(Extracted records)
══════════
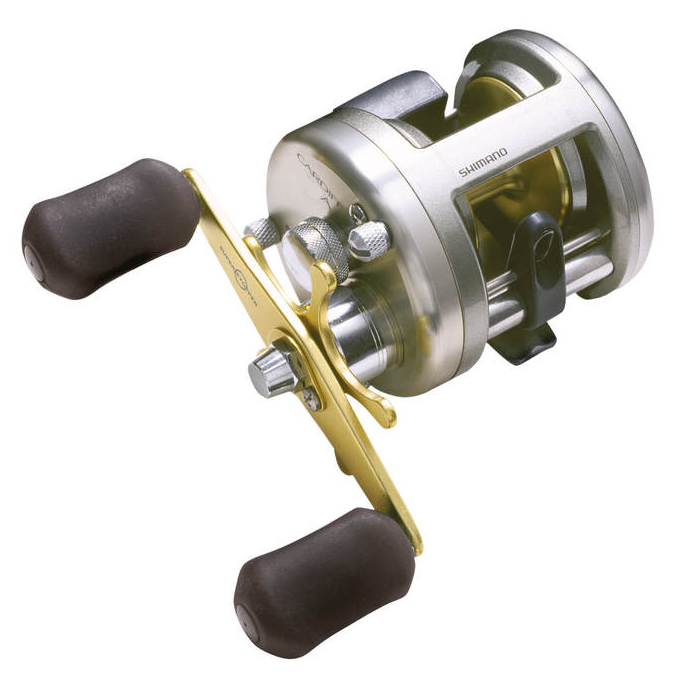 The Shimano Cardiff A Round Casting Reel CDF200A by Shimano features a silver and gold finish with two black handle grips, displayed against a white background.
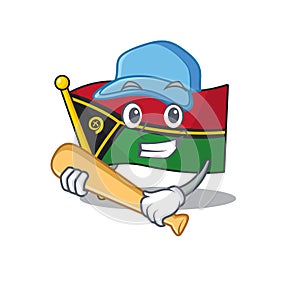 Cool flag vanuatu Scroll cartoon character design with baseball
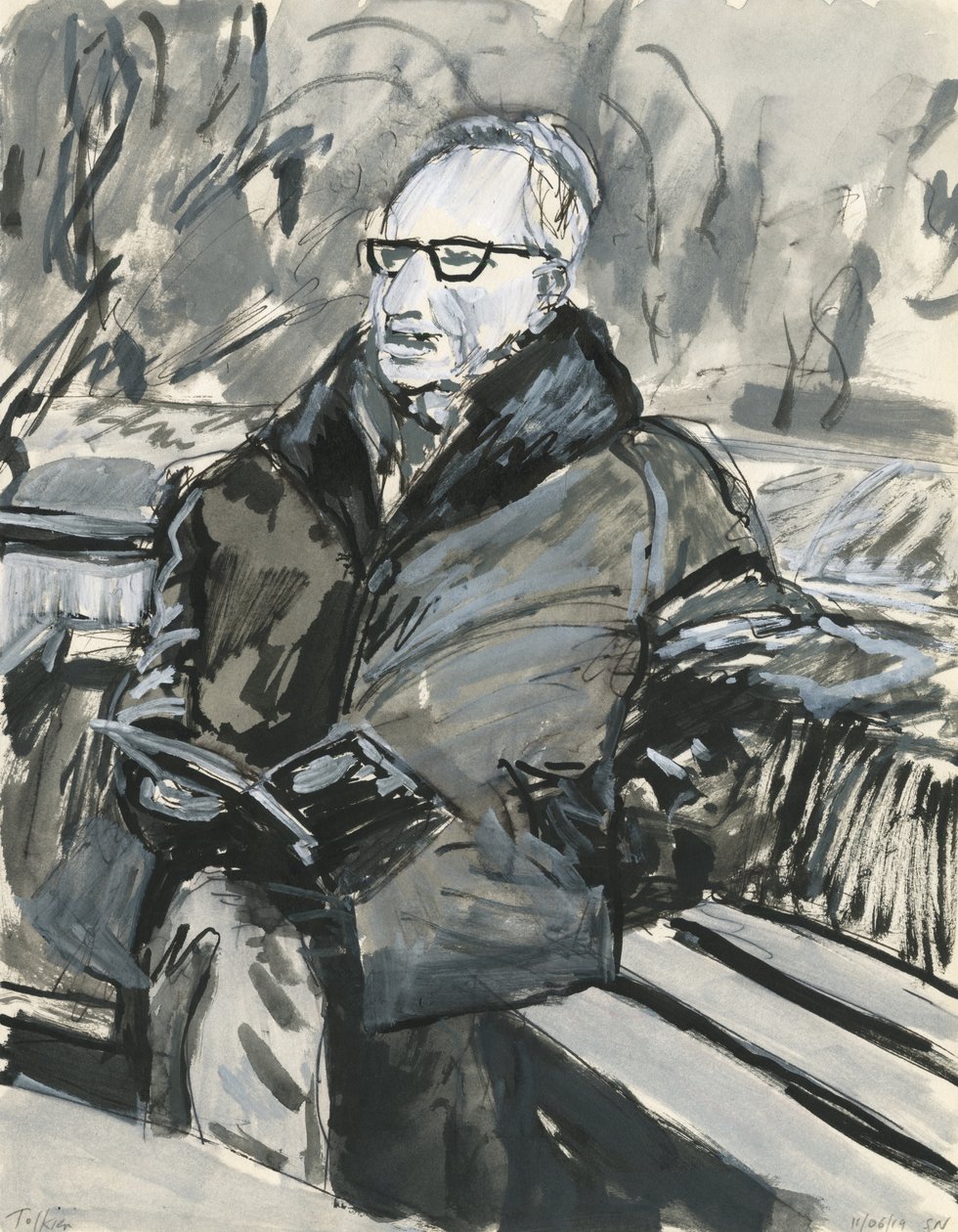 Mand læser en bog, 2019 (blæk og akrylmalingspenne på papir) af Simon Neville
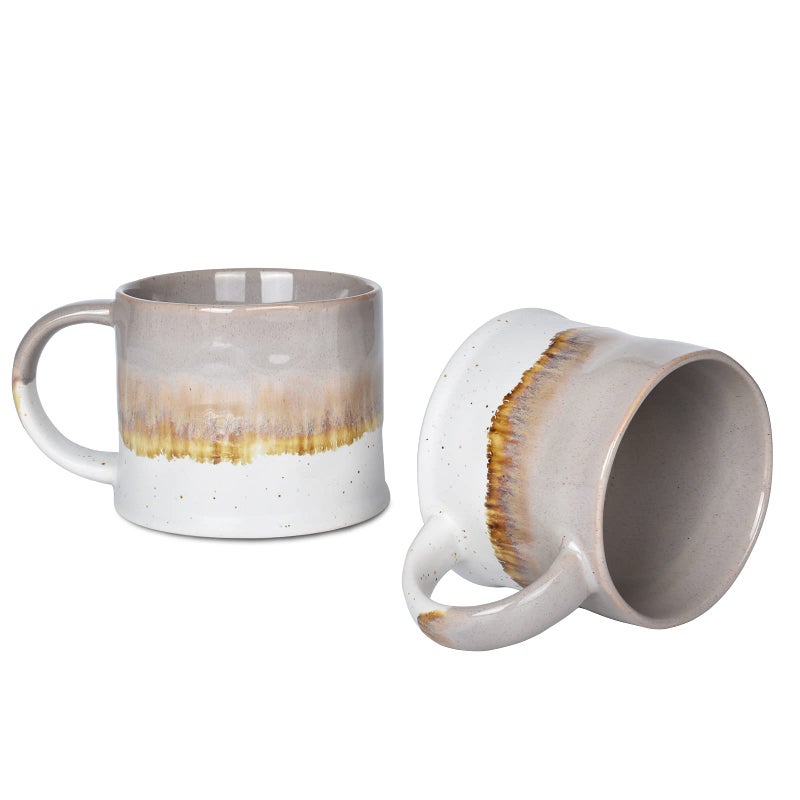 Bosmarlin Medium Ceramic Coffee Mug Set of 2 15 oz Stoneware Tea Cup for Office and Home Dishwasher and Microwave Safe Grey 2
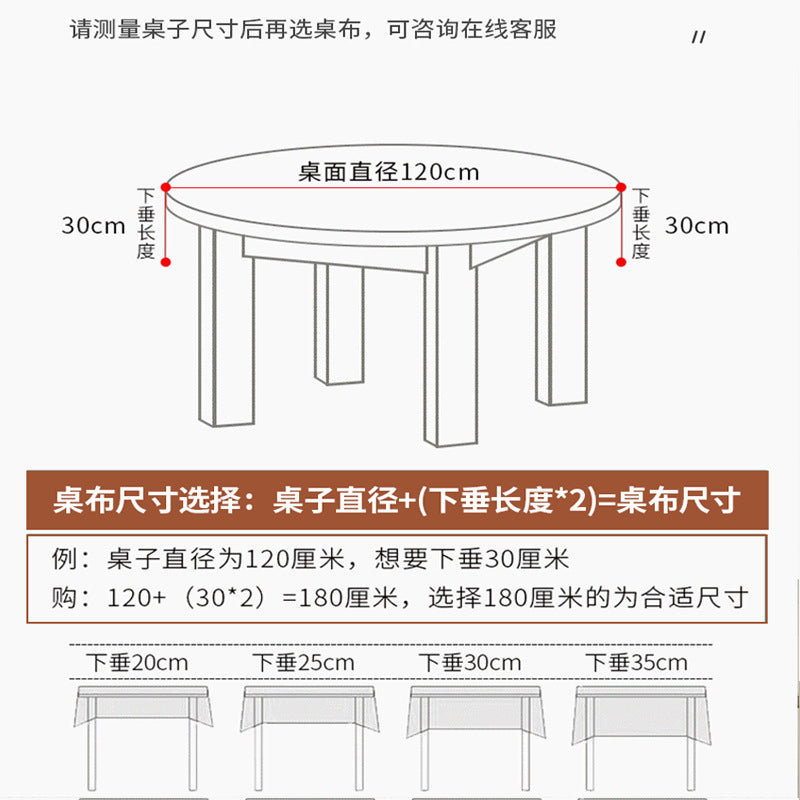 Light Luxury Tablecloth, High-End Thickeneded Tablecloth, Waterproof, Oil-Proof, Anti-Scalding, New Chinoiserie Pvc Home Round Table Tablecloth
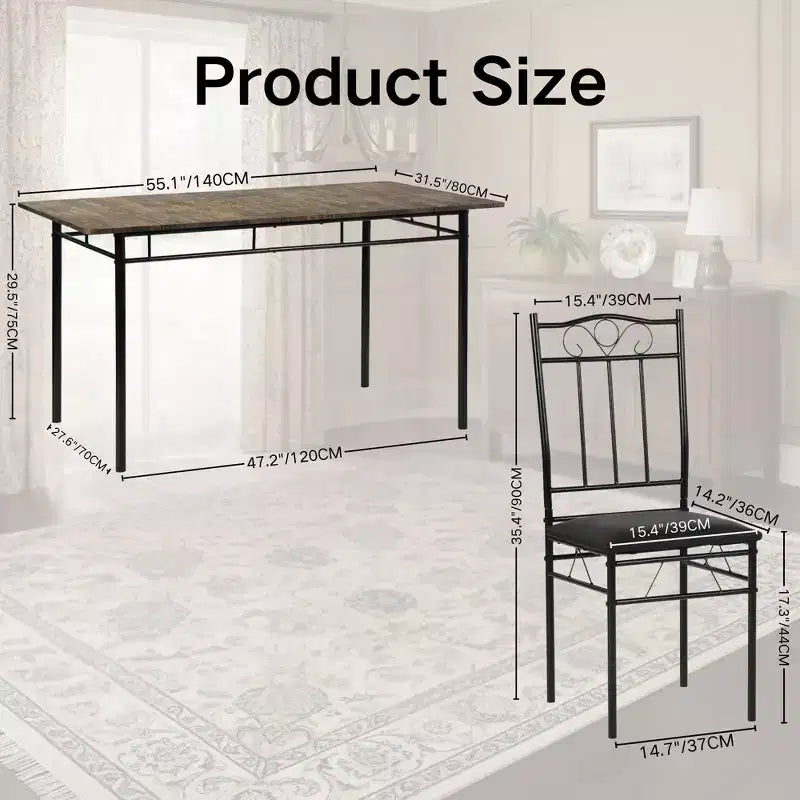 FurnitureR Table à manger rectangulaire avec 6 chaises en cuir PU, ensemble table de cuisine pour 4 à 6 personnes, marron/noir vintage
══════════
What the exercise asks:
Quote exactly, and only, the lines from the one containing "Mand læser en" through the last line of the records above, both included; leave out any pictures.

Output of the exercise:
 Mand læser en bog, 2019 (blæk og akrylmalingspenne på papir) af Simon Neville
 Bosmarlin Medium Ceramic Coffee Mug Set of 2 15 oz Stoneware Tea Cup for Office and Home Dishwasher and Microwave Safe Grey 2
 Light Luxury Tablecloth, High-End Thickeneded Tablecloth, Waterproof, Oil-Proof, Anti-Scalding, New Chinoiserie Pvc Home Round Table Tablecloth
 FurnitureR Table à manger rectangulaire avec 6 chaises en cuir PU, ensemble table de cuisine pour 4 à 6 personnes, marron/noir vintage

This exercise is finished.